» What the task asks
The output must be exactly the lines from the "Norwich City 1997-99 Football Shirt (Large)" line through the end of the listing below, with no picture included.

» Records for the task
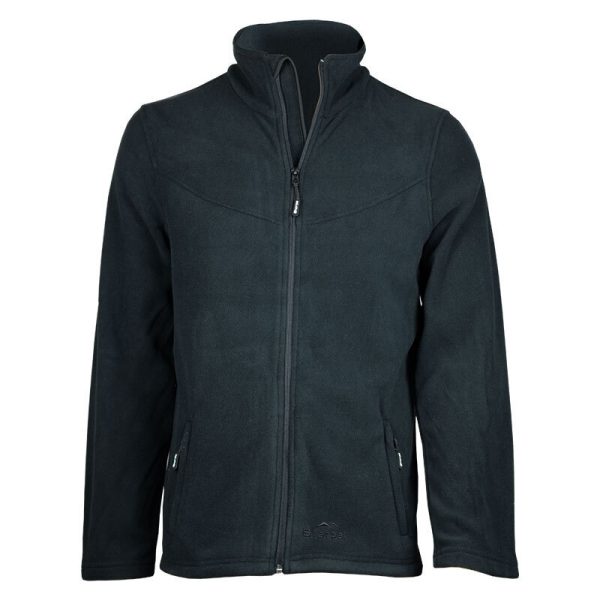 Sherpa Men's Lhakpa Fleece Jacket Black SALE RRP $79.95
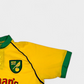 Norwich City 1997-99 Football Shirt (Large)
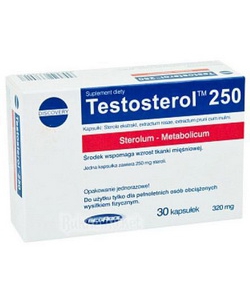 Megabol Testosterol 250 (30 капсул)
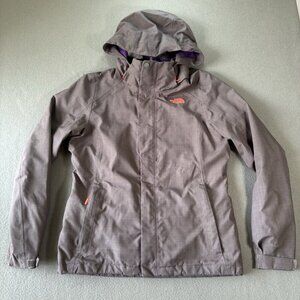 The North Face Womens M HyVent Insulated Ski Jacket Winter Outdoor Gorpcore Coat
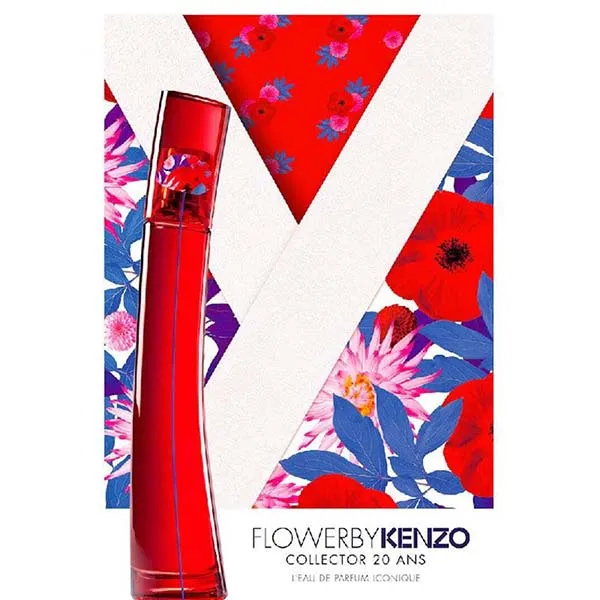 Nước Hoa Nữ Kenzo Flower EDP 50ml (20th Anniversary Edition) - Nước hoa - Vua Hàng Hiệu
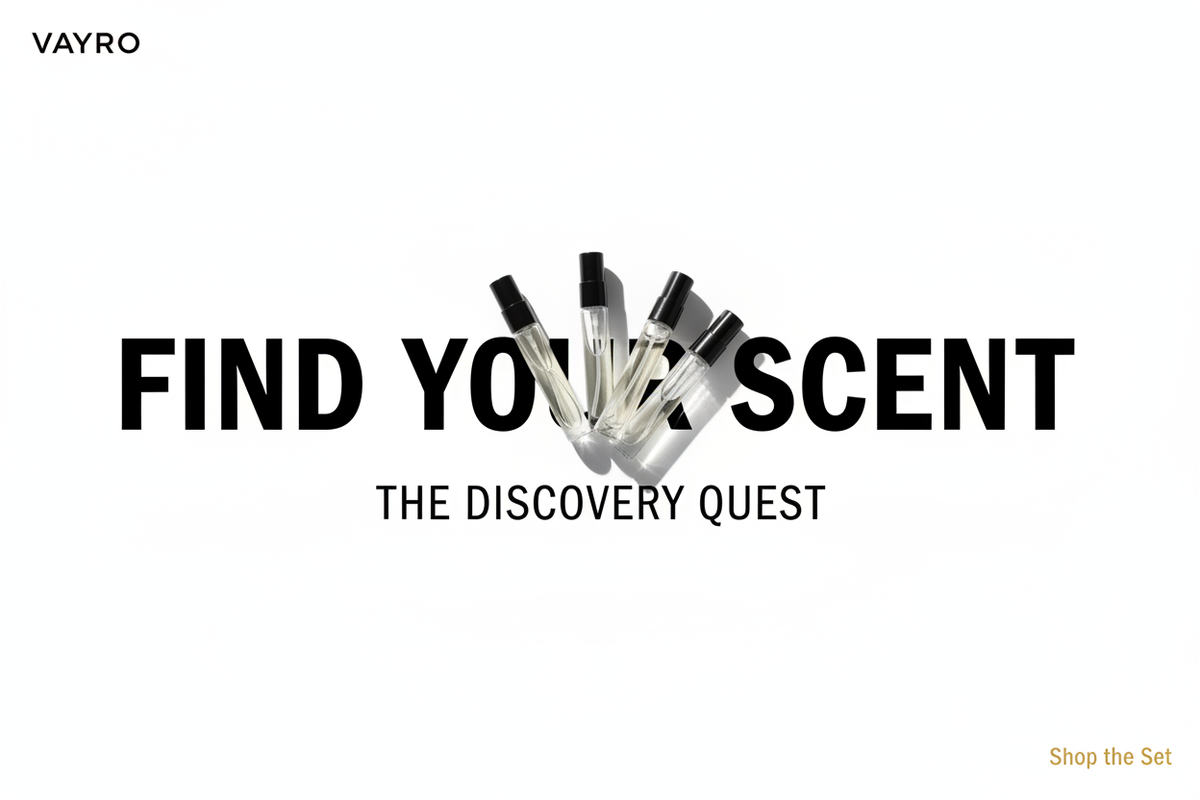 Vayro Discovery Quest White Background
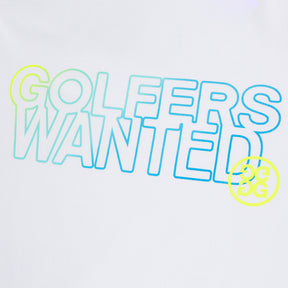 GOLFERS WANTED COTTON TEE 女士 短袖T-SHIRT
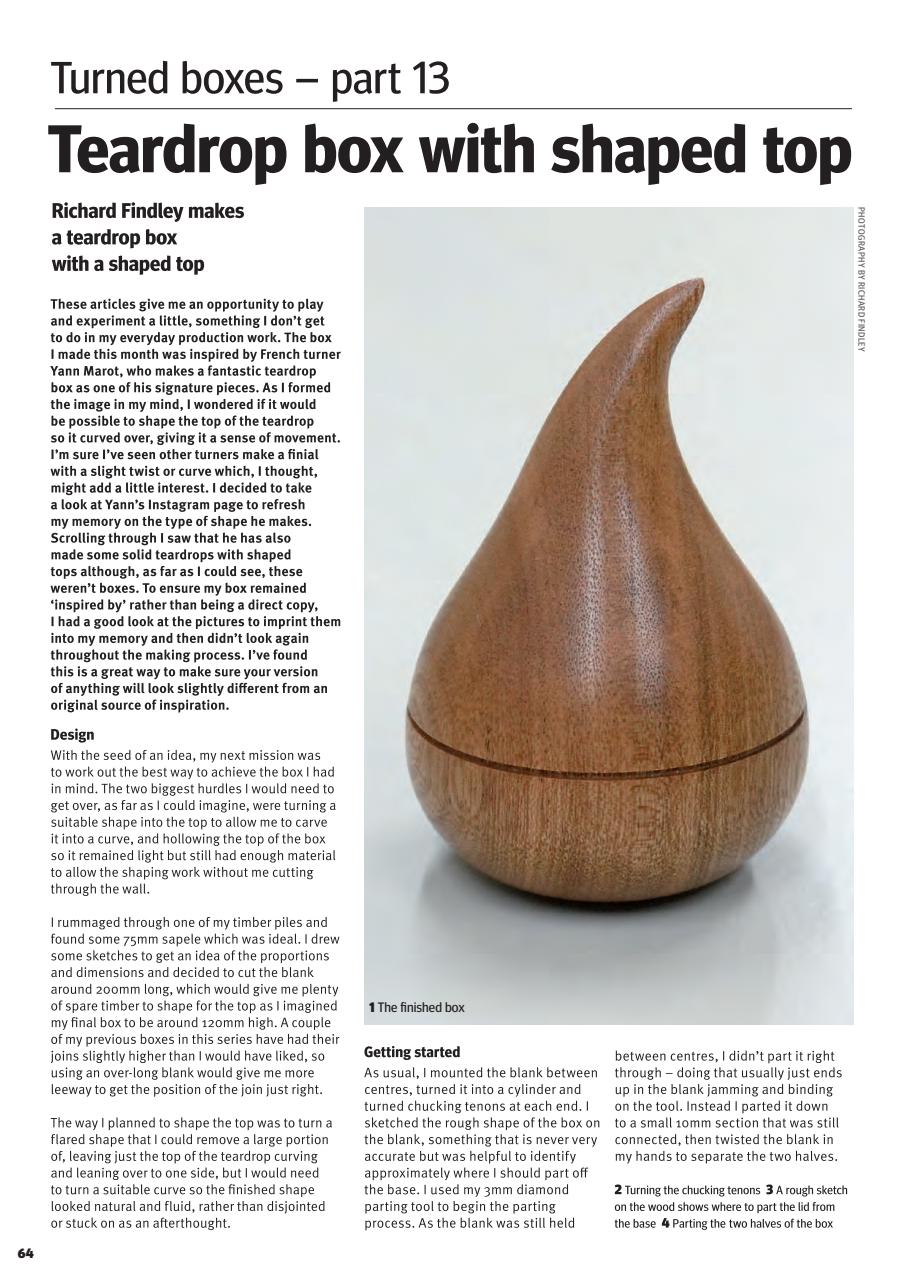 Woodturning Preview Pages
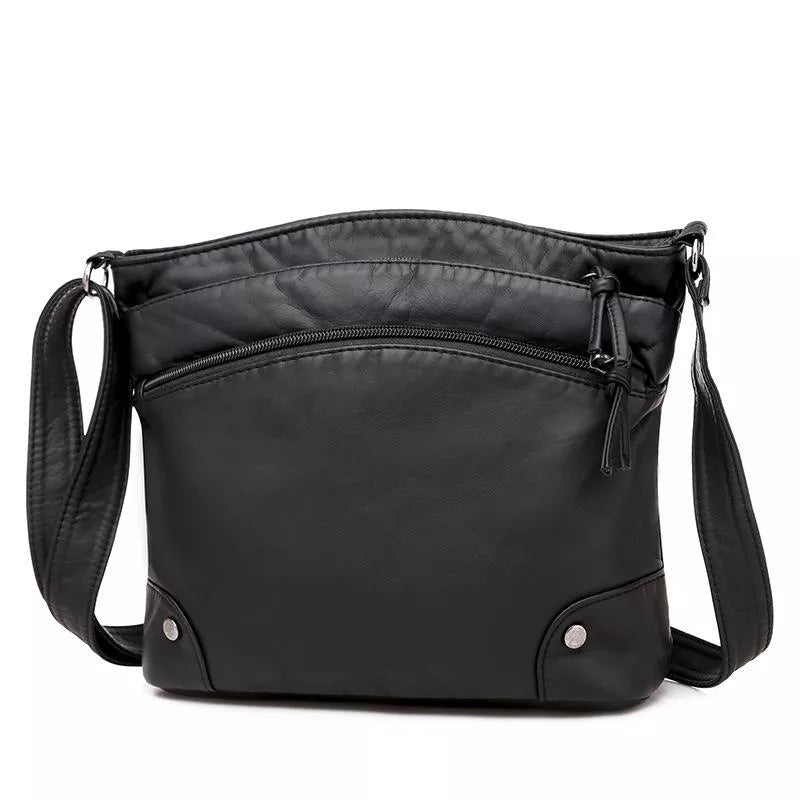 Inès™ | Eleganten usnjen ročni torbica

» Finished exercise
 Norwich City 1997-99 Football Shirt (Large)
 Megabol Testosterol 250 (30 капсул)
 The North Face Womens M HyVent Insulated Ski Jacket Winter Outdoor Gorpcore Coat
 Nước Hoa Nữ Kenzo Flower EDP 50ml (20th Anniversary Edition) - Nước hoa - Vua Hàng Hiệu
 Vayro Discovery Quest White Background
 GOLFERS WANTED COTTON TEE 女士 短袖T-SHIRT
 Woodturning Preview Pages
 Inès™ | Eleganten usnjen ročni torbica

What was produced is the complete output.